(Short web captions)
- Opening Delimiter -

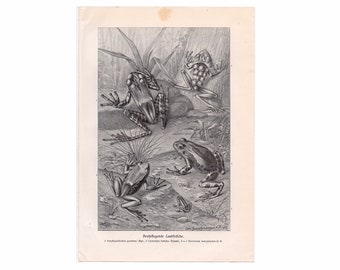 c. 1900 TREE FROG lithograph • original antique print • amphibian print • Brehms print • toad print • anura print • Ranidae print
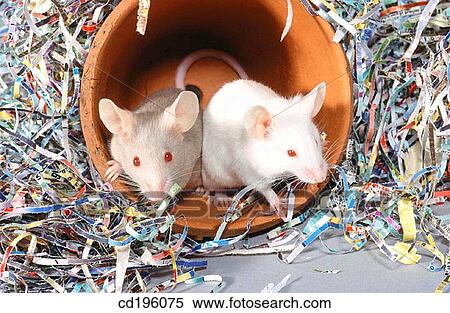 fauna, hiding, flower pot, animal View Large Photo Image Stock Photography - fauna, hiding, flower pot, animal. Fotosearch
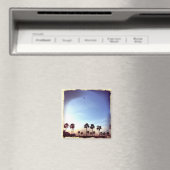 Aimant Filtre rétro Palm Trees (In Situ (Lave-vaisselle))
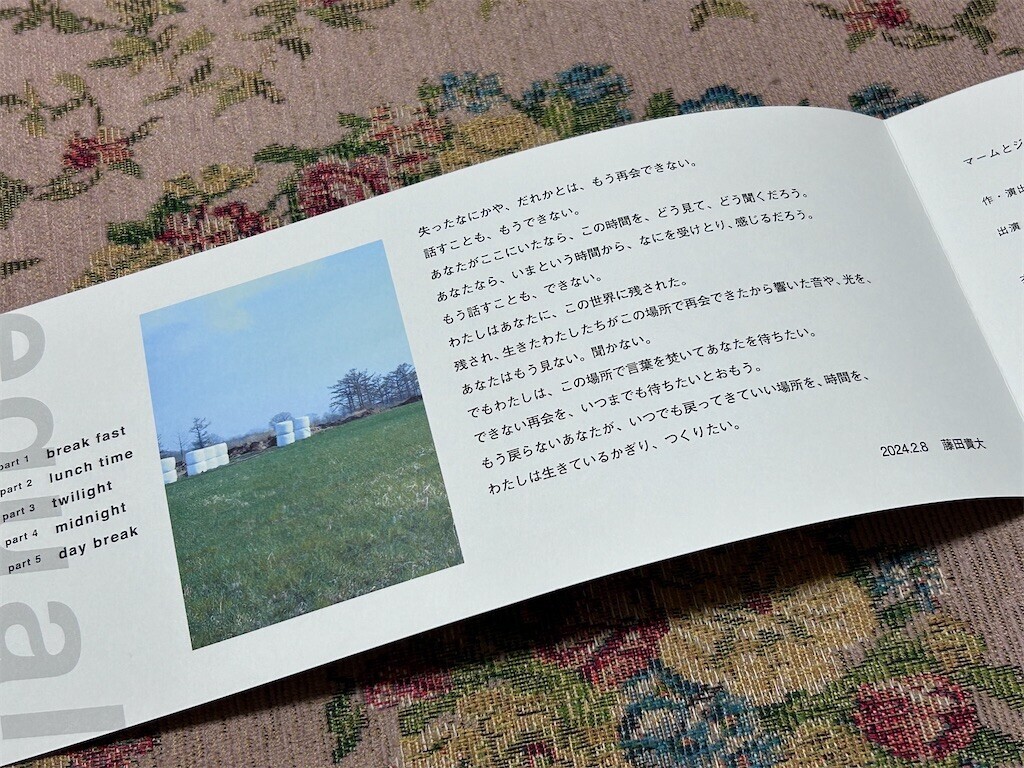 f:id:Magnoliarida:20240226164920j:image f:id:Magnoliarida:20240226164920j:image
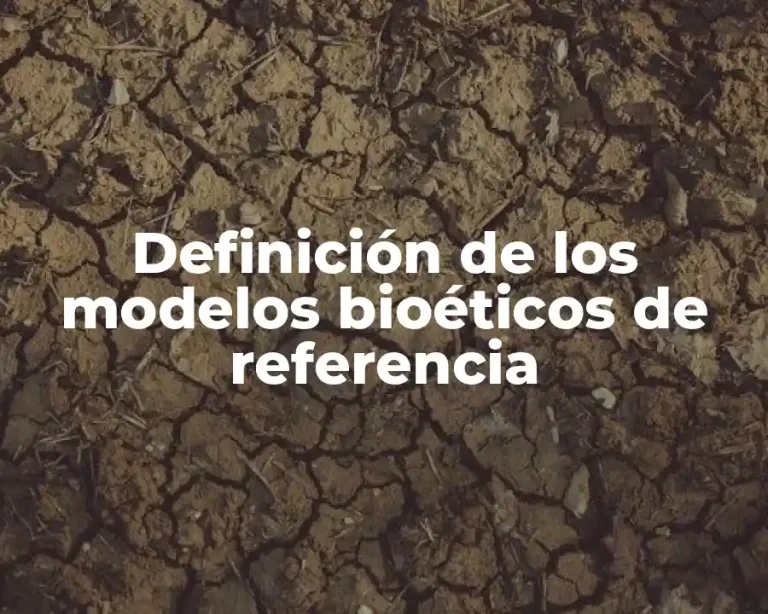 Definición de los modelos bioéticos de referencia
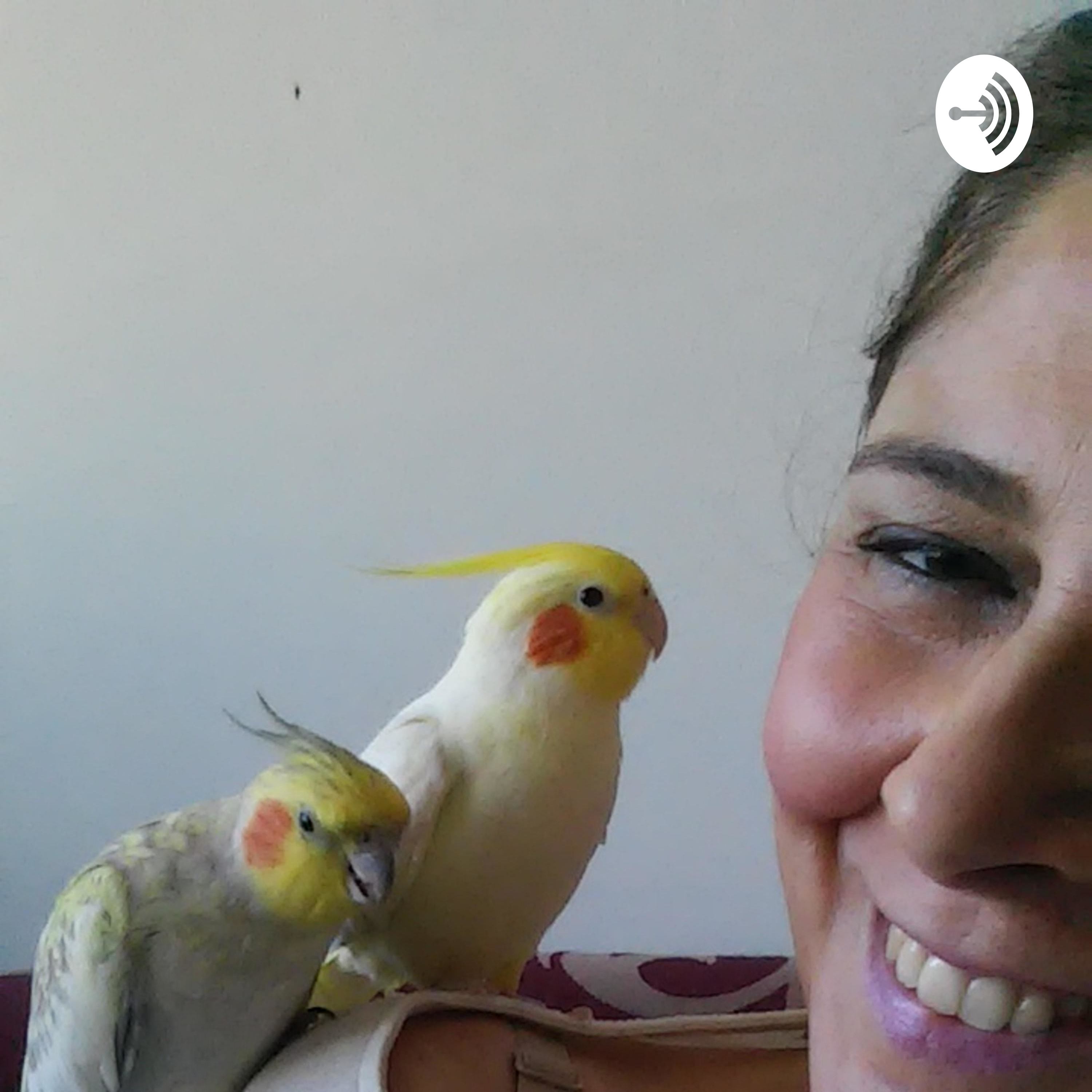 Vem pra cá... que tem história no ar!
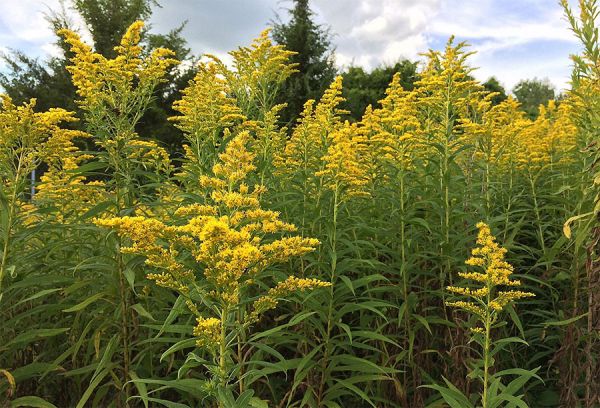 Под Николаевом из-за зарослей амброзии ввели карантин
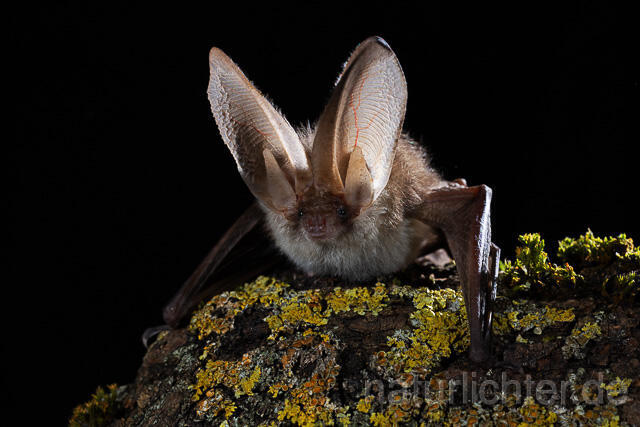 R15307 Braunes Langohr, Brown Long-eared Bat - Christoph Robiller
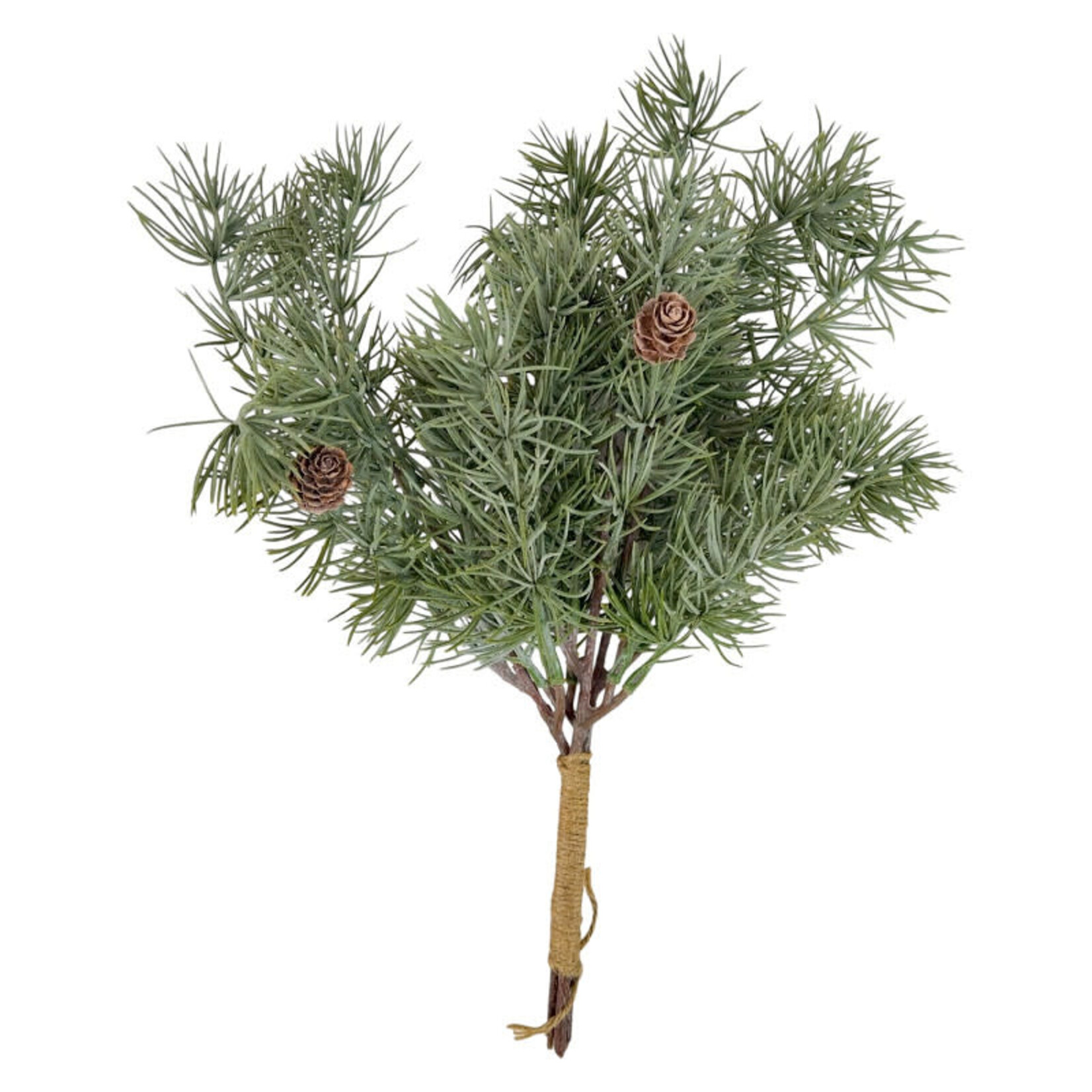 Home Society Groene kerst tak Fir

- Closing Delimiter -

### Work to be completed
Return the records above exactly, without the pictures.

### Written response
 c. 1900 TREE FROG lithograph • original antique print • amphibian print • Brehms print • toad print • anura print • Ranidae print
 fauna, hiding, flower pot, animal View Large Photo Image Stock Photography - fauna, hiding, flower pot, animal. Fotosearch
 Aimant Filtre rétro Palm Trees (In Situ (Lave-vaisselle))
 f:id:Magnoliarida:20240226164920j:image f:id:Magnoliarida:20240226164920j:image
 Definición de los modelos bioéticos de referencia
 Vem pra cá... que tem história no ar!
 Под Николаевом из-за зарослей амброзии ввели карантин
 R15307 Braunes Langohr, Brown Long-eared Bat - Christoph Robiller
 Home Society Groene kerst tak Fir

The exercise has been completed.